### Problem description
For this item, repeat the material exactly while omitting its pictures.
Segment Start: Source material
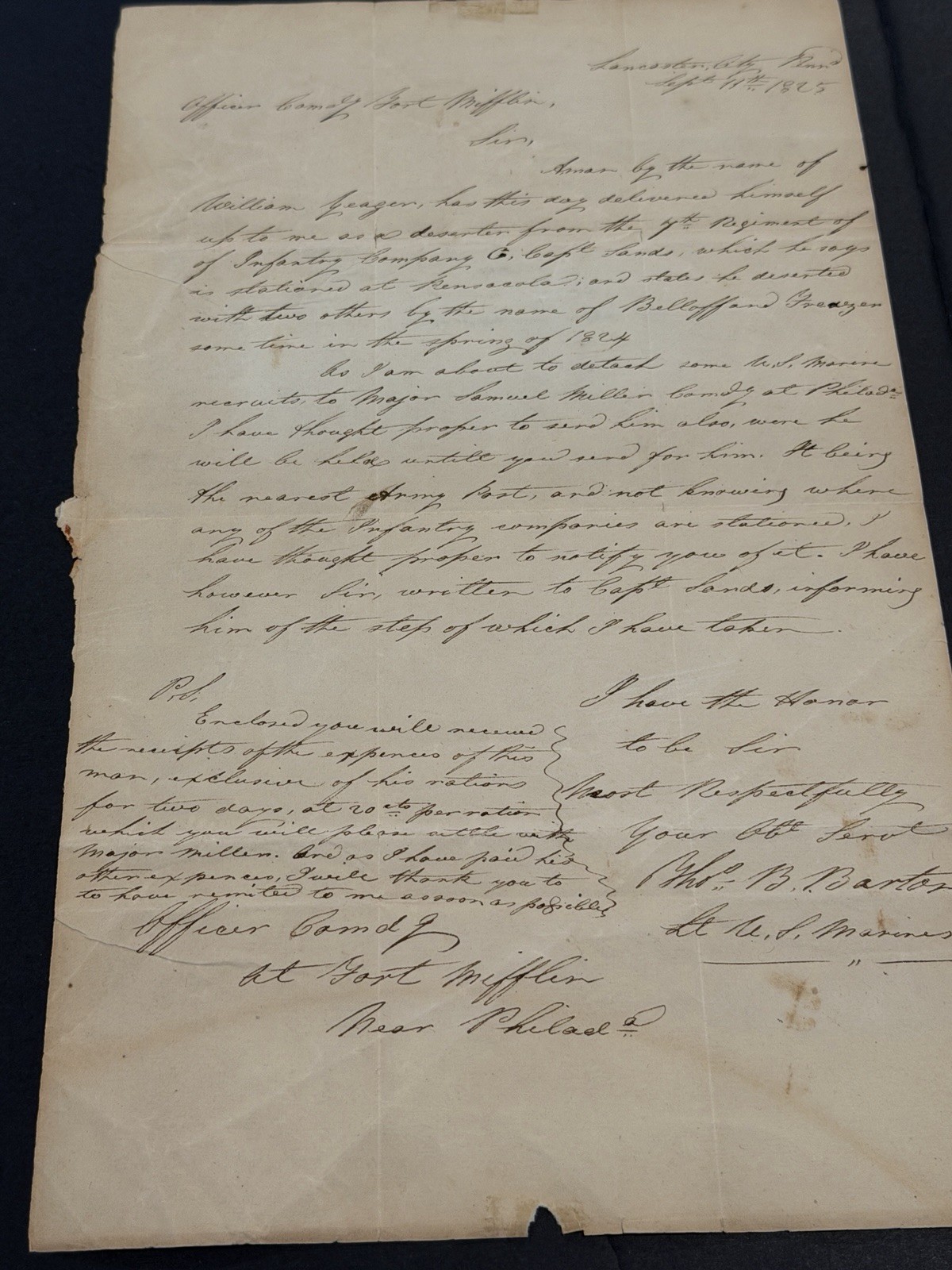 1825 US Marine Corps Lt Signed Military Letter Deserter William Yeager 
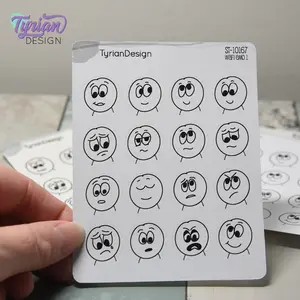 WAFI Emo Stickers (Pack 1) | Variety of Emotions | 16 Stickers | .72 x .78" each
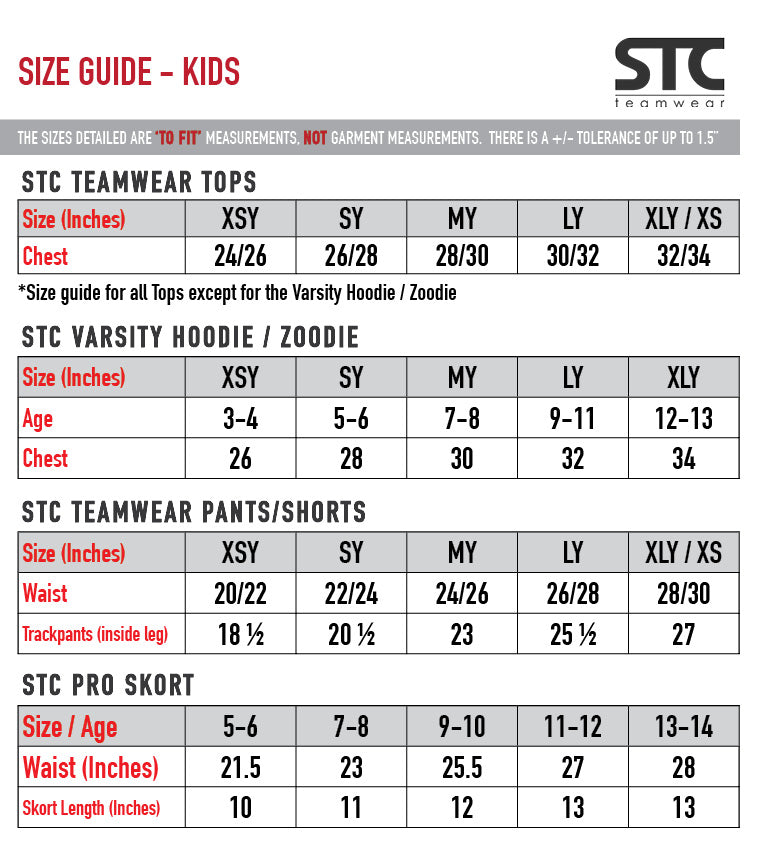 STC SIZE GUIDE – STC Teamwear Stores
Segment End: Source material
### Solution to the exercise
 1825 US Marine Corps Lt Signed Military Letter Deserter William Yeager 
 WAFI Emo Stickers (Pack 1) | Variety of Emotions | 16 Stickers | .72 x .78" each
 STC SIZE GUIDE – STC Teamwear Stores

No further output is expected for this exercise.